Выполняет ли в «Мексиканском дивертисменте» заключительный образ ящерицы, смотрящей на космический корабль, роль катапульты от всяких мексиканских символов к такому размышлению?
Единственно, что, по-моему, стоит сказать об этих стихах, — это то, что темой была Мексика, не конкретно Мексика, а, как я полагаю, состояние духа, помещенного на менее благоприятный для него фон. Или я думаю, что это была тема. Я пытался использовать традиционные испанские метры. Первая часть, о Максимилиане, начинается как мадригал. Вторая, «1867» — где о Хуаресе, — сделана в размере чокло, то есть аргентинского танго. «Мери- да», третья часть, написана размером, который в пятнадцатом веке использовал величайший испанский поэт, я думаю, всех времен — Хорхе Манрике. Это имитация его элегии на смерть отца. И «Романсеро» — традиционная испанская вещь, эти тетраметры. Есть приближение к современным стихам в главе «К Евгению». И классический пятистопный ямб — нормальная, обычная вещь, приводящая домой, — в заключительной энциклопедической части «Заметка для энциклопедии». В конце концов, это называется дивертисмент. Он должен иметь дело с манерами, со стилями, которые там используются. Если можно так выразиться, это дань культуре, о которой идет речь.
Хотелось бы узнать, в этих стихах у вас более публичный, более грубый голос?
Может быть, но в то же время меня это возмущало. И я старался смягчить его. Я слегка удивился, когда The New York Review of Books выбрала эти стихи, потому что это отнюдь не самая либеральная строфа, которая там обнаруживается. Боюсь, некоторые люди в Мексике рассердились, потому что стихи немножко в духе Ивлина Во.
У вас есть любимые среди написанных вами стихов?

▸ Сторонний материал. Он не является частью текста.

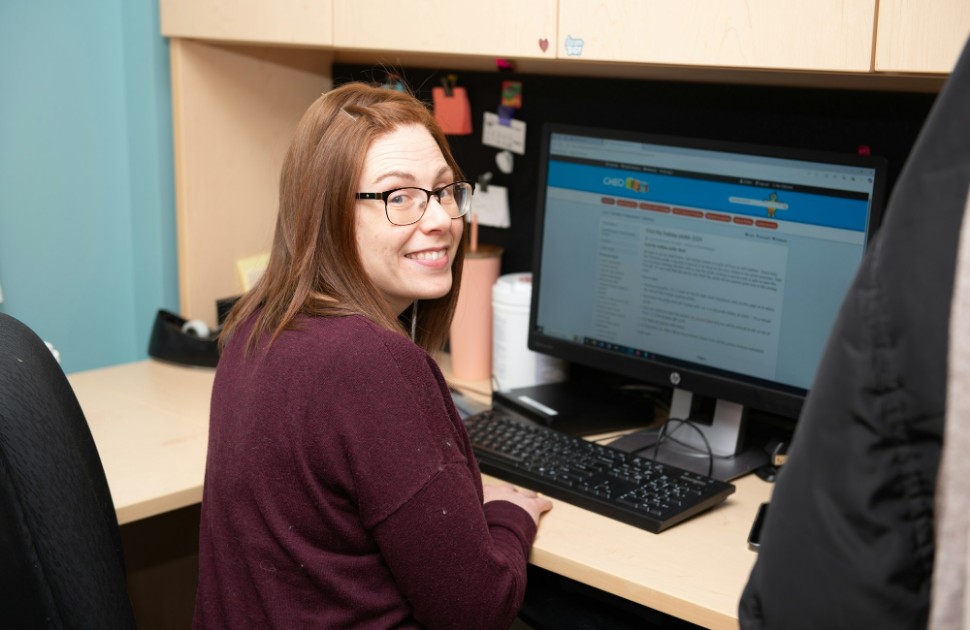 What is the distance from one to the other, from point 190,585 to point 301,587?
82cm

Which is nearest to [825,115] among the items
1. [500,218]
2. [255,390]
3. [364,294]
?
[500,218]

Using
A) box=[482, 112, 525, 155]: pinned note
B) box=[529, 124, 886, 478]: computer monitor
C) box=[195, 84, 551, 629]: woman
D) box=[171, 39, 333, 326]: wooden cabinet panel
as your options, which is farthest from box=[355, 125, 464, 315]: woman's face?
box=[171, 39, 333, 326]: wooden cabinet panel

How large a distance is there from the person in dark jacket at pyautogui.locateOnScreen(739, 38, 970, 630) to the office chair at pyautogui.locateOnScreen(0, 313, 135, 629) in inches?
21.6

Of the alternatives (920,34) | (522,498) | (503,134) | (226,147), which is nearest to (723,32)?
(920,34)

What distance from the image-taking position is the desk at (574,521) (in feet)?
3.63

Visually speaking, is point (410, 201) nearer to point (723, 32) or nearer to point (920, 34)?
point (723, 32)

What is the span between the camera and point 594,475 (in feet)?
4.38

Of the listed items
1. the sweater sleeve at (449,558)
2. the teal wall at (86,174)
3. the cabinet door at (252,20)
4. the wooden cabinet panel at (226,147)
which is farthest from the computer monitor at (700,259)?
the teal wall at (86,174)

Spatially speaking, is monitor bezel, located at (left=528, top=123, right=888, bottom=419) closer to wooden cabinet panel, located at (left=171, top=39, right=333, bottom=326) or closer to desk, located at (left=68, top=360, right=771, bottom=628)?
desk, located at (left=68, top=360, right=771, bottom=628)

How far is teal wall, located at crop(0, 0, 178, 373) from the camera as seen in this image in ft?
5.93

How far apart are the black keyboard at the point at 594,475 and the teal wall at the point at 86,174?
0.85m

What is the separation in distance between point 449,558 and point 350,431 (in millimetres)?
160

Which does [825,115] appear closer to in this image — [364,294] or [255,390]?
[364,294]

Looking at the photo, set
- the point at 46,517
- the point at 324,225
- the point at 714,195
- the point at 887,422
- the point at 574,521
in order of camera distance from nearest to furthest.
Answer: the point at 887,422 < the point at 46,517 < the point at 324,225 < the point at 574,521 < the point at 714,195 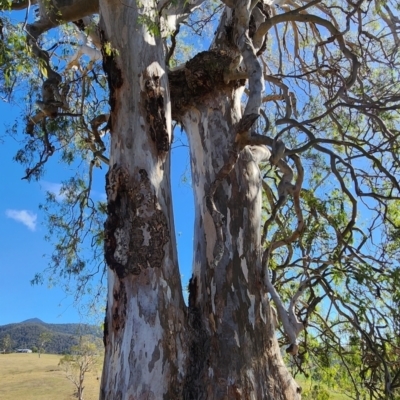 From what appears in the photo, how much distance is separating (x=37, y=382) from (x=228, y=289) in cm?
2797

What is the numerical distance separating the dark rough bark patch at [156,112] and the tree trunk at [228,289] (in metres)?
0.60

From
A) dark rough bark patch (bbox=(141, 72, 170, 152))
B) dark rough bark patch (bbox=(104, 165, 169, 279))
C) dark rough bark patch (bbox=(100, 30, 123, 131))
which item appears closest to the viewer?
dark rough bark patch (bbox=(104, 165, 169, 279))

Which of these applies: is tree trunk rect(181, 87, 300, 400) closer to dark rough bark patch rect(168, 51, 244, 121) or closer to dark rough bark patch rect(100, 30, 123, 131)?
dark rough bark patch rect(168, 51, 244, 121)

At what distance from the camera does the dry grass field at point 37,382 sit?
2406cm

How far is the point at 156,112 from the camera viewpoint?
298 cm

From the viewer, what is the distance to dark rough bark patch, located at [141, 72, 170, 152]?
2.93 metres

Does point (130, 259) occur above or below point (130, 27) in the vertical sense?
below

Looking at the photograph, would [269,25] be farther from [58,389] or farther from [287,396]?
[58,389]

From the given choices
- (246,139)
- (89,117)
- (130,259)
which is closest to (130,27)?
(246,139)

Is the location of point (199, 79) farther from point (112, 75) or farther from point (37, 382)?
point (37, 382)

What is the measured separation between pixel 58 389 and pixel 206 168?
25790 mm

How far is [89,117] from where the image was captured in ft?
19.9

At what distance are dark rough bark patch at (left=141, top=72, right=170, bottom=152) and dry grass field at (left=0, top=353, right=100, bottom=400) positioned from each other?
17.7 metres

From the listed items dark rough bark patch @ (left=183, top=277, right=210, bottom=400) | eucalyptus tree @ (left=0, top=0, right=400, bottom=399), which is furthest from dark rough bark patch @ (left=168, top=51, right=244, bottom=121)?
dark rough bark patch @ (left=183, top=277, right=210, bottom=400) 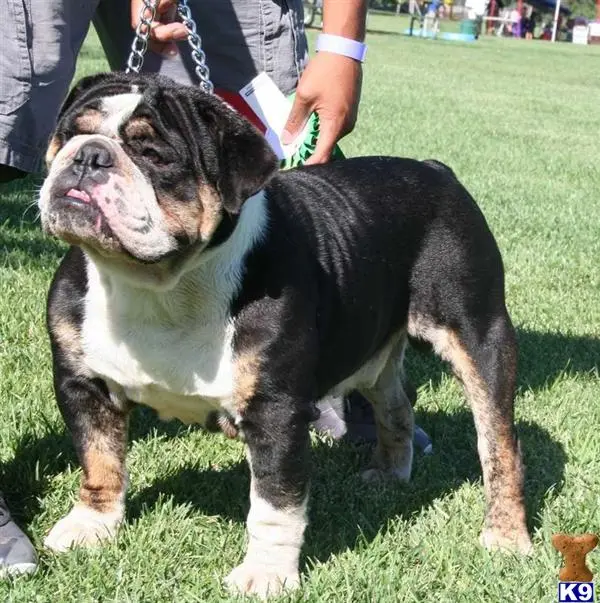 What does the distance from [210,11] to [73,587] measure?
2.32m

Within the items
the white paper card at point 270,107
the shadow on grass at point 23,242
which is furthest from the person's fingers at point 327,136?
the shadow on grass at point 23,242

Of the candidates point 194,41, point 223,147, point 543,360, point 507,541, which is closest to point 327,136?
point 194,41

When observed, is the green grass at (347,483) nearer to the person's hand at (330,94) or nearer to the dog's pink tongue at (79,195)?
the dog's pink tongue at (79,195)

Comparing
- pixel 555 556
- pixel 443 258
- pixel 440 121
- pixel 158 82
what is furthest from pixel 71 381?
pixel 440 121

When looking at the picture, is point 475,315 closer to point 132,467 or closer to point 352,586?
point 352,586

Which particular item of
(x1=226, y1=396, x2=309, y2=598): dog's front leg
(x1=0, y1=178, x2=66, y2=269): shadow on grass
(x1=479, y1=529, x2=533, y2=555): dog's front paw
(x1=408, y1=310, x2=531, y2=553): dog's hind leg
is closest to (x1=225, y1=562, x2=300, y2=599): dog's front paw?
(x1=226, y1=396, x2=309, y2=598): dog's front leg

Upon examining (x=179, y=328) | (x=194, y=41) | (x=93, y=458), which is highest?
(x=194, y=41)

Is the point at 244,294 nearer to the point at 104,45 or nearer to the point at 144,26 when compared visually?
the point at 144,26

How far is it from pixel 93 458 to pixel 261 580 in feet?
2.22

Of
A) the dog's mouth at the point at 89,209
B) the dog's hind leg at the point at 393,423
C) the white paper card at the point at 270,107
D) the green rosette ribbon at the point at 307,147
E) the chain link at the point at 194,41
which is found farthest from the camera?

Одно было написано два или три года назад — «Письма династии Минь»; это стихотворение перевел Дерек Уолкотт. Еще мне нравится «Бабочка». Я пытался соединить две сущности — Беккета и Моцарта. Много лет назад, в России, я ухаживал за девушкой. Мы ушли с концерта, концерта Моцарта, и когда мы бродили по улицам, она сказала мне: «Иосиф, в твоей поэзии все прекрасно» и прочее, «но тебе никогда не осуществить в стихотворении ту легкость и при этом тяжесть, какая есть у Моцарта». Это меня как-то озадачило. Я хорошо это запомнил и решил написать стихи о бабочке. Что ж, надеюсь, у меня получилось. И Джордж Клайн замечательно перевел эти стихи.
Можете ли вы что-то сказать об отношениях между христианством и современной культурой? Связан ли с этим ваш интерес к Кавафису?

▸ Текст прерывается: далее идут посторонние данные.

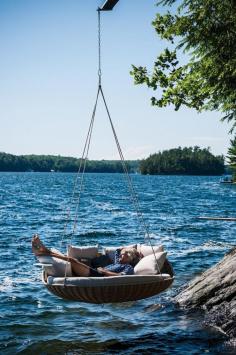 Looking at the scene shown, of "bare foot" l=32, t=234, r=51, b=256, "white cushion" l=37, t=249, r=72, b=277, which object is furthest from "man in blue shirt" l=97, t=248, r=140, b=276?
"bare foot" l=32, t=234, r=51, b=256

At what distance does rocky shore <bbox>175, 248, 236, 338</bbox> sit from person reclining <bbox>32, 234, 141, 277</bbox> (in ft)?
5.90

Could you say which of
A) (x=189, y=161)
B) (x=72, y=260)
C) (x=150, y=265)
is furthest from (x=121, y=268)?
(x=189, y=161)

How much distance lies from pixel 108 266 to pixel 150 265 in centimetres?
106

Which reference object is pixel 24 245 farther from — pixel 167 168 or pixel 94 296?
pixel 167 168

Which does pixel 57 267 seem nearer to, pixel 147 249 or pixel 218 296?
pixel 147 249

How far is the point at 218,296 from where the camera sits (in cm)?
1094

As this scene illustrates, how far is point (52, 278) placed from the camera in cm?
888

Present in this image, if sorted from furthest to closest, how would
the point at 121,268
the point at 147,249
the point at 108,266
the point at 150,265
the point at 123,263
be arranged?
1. the point at 147,249
2. the point at 123,263
3. the point at 108,266
4. the point at 121,268
5. the point at 150,265

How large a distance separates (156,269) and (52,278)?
2058mm

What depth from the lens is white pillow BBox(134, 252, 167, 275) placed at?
9703 mm

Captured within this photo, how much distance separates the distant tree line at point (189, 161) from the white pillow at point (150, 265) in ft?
601

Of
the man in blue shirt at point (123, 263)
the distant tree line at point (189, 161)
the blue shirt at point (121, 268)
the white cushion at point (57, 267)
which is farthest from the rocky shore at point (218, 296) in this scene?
the distant tree line at point (189, 161)

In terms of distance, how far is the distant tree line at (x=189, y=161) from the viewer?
192 meters

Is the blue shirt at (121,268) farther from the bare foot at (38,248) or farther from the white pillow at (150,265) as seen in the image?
the bare foot at (38,248) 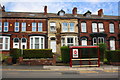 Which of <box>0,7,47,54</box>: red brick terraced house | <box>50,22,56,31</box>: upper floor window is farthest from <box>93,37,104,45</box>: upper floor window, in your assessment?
<box>0,7,47,54</box>: red brick terraced house

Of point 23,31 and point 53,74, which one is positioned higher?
point 23,31

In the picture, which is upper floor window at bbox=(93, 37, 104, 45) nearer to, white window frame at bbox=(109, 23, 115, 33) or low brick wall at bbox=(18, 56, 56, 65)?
white window frame at bbox=(109, 23, 115, 33)

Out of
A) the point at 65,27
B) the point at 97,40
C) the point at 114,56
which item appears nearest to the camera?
the point at 114,56

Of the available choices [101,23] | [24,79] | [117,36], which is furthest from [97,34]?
[24,79]

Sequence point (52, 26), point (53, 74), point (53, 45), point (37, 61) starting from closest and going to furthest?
point (53, 74), point (37, 61), point (53, 45), point (52, 26)

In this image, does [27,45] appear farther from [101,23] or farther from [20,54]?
[101,23]

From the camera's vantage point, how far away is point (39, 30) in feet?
87.5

Отношения между Богом — ну, христианством или этими религиозными вещами — и современной культурой вполне ясные: это, если угодно, отношения между причиной и следствием. Если в моих стихах есть такие вещи, то >то просто попытка следствия отдать дань причине. Вот так просто. Я не то чтобы религиозен, вовсе нет. К счастью или к несчастью, я не знаю. Не думаю, что я принадлежу к какому-то вероучению. На самом деле, когда в больнице мне задали этот критический вопрос, потому что все может случиться, я был в затруднении.
Что касается Кавафиса и того, почему для меня важно преподавать его, у меня нет ответа в одну строку. Прежде всего потому, что я безмерно люблю его творчество. Я думаю, он, наверное, единственный поэт своего века (хотя я люблю его не за это), у которого была ясная система или который хотя бы был верен себе, своему представлению о том, что должно быть. Другие, какими бы они ни были великими, кажутся эклектичными. Но потом, после него, любой так выглядит. Отсюда одно из преимуществ изучения Кавафиса: ты знаешь, к чему человек стремится, какие средства он считает пригодными, а что отвергает. Это знание очень важно для любого студента, который изучает литературу.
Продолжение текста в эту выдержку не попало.